EXPO’, LA NOVITA’ DI SALA: “NON DOBBIAMO CHIEDERE I SOLDI DELLE BONIFICHE”
MA L’ACCORDO CON AREXPO DICE IL CONTRARIO
“Expo non deve chiedere indietro i soldi spesi per le bonifiche”. È la novità tirata fuori da Giuseppe Sala per rispondere alla domanda sul perchè Expo non abbia sinora girato ad Arexpo, la società proprietaria delle aree dell’esposizione, i costi sostenuti per bonificare i terreni.
Eppure questi hanno superato i 6 milioni preventivati per arrivare a 73 milioni.

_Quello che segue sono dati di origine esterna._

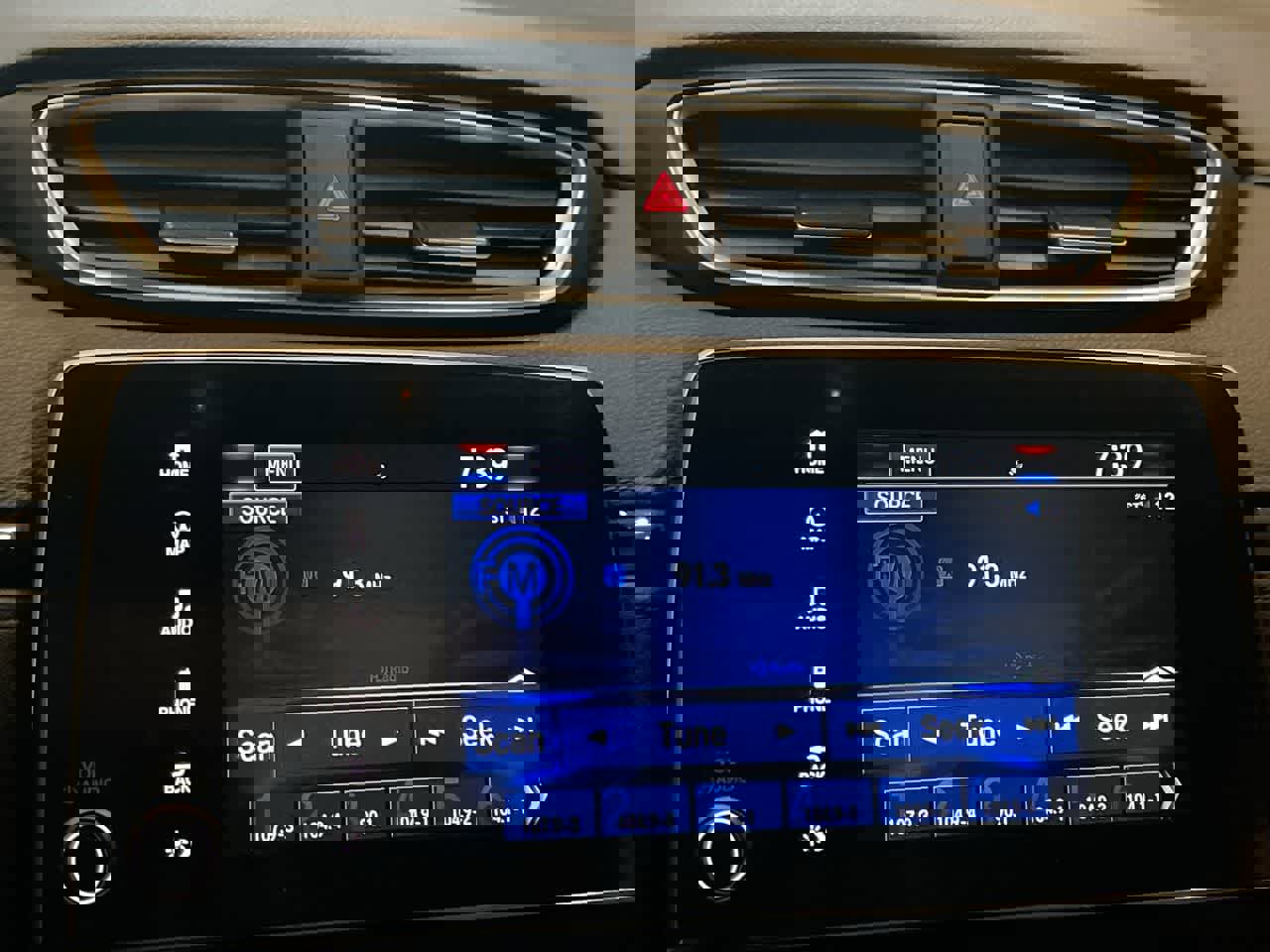 Used 2018 Honda CR-V Touring image 16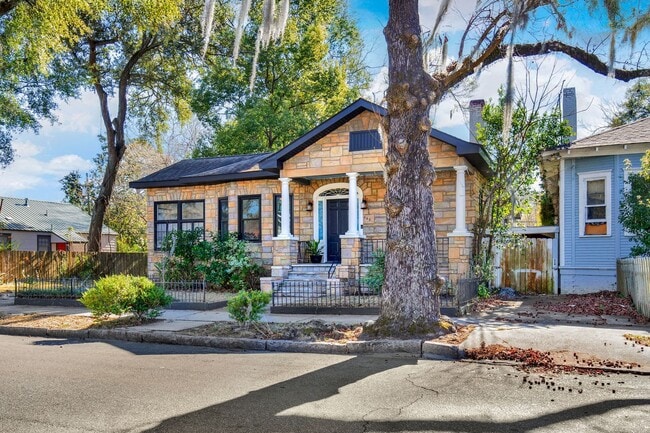 Photo - Thomas Square Home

Ma rimanendo ai 6 milioni stimati all’inizio, l’accordo quadro siglato tra Expo e Arexpo nel 2012 prevedeva che la società guidata da Sala si rivalesse su Arexpo, che “si impegna — si legge nel documento — a rimborsare i costi sostenuti da Expo 2015 per la bonifica dei terreni entro 30 giorni dalla presentazione della richiesta di pagamento”.

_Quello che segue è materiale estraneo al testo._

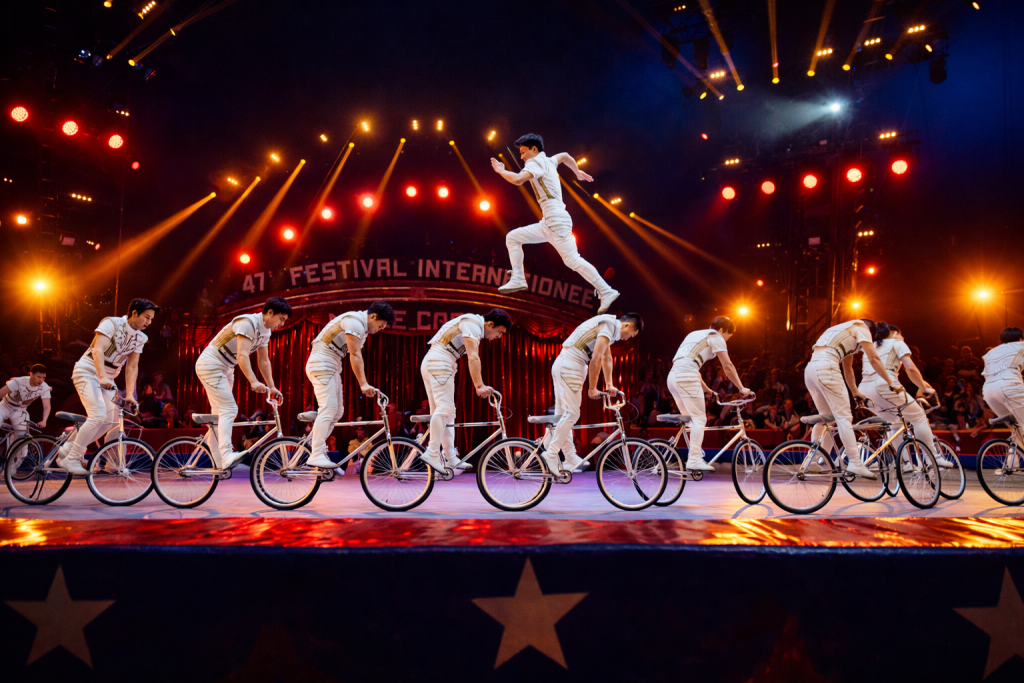 Το βραβευμένο ακροβατικό νούμερο με ποδήλατα από την εθνική ακροβατική ομάδα της Κίνας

Ma tale richiesta di pagamento non c’è mai stata, nonostante i lavori siano stati conclusi parte nel 2013 e parte nel 2014.
La questione non è da poco, perchè solo se i costi di bonifica vengono fatturati ad Arexpo, questa potrà poi rivalersi sui vecchi proprietari dei terreni, tra cui Fondazione Fiera Milano, che gioca un doppio ruolo in quanto è anche socio di Arexpo.

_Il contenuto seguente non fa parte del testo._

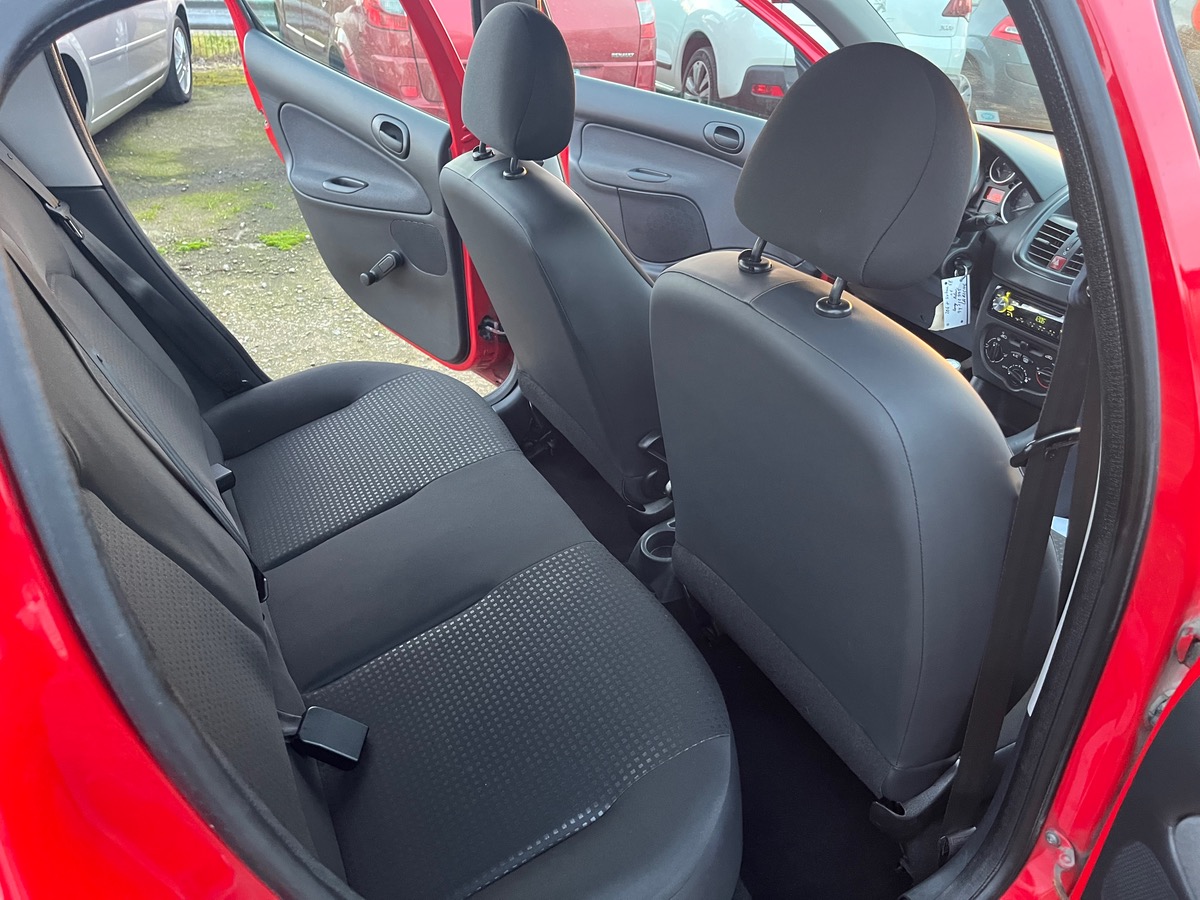 Peugeot 206 1.1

Ma se, come sinora è avvenuto, Expo non chiede nulla ad Arexpo, le bonifiche rischiano di pesare sulle casse pubbliche e sui cittadini.
Viene allora il sospetto che dietro la mancata richiesta ci sia la volontà di fare un favore a Fondazione Fiera Milano.
O si è trattato di una semplice dimenticanza da parte di Expo?
L’amministratore delegato della società e candidato alle primarie milanesi del centrosinistra si giustifica con l’esistenza di un contratto secondo cui Arexpo dovrà versare complessivamente 75 milioni a Expo per le infrastrutture realizzate sull’area e i costi sostenuti, ma nega che dovesse essere inoltrata alcuna richiesta specifica sulle bonifiche.
Eppure, l’accordo quadro dice il contrario.
Sala assicura poi di poter mettere la mano sul fuoco sull’operato di Alessandro Molaioni, un tempo vice del manager arrestato Angelo Paris e oggi colui che ha in mano i conti delle bonifiche:
“Io non vivo nella cultura del sospetto”, conclude.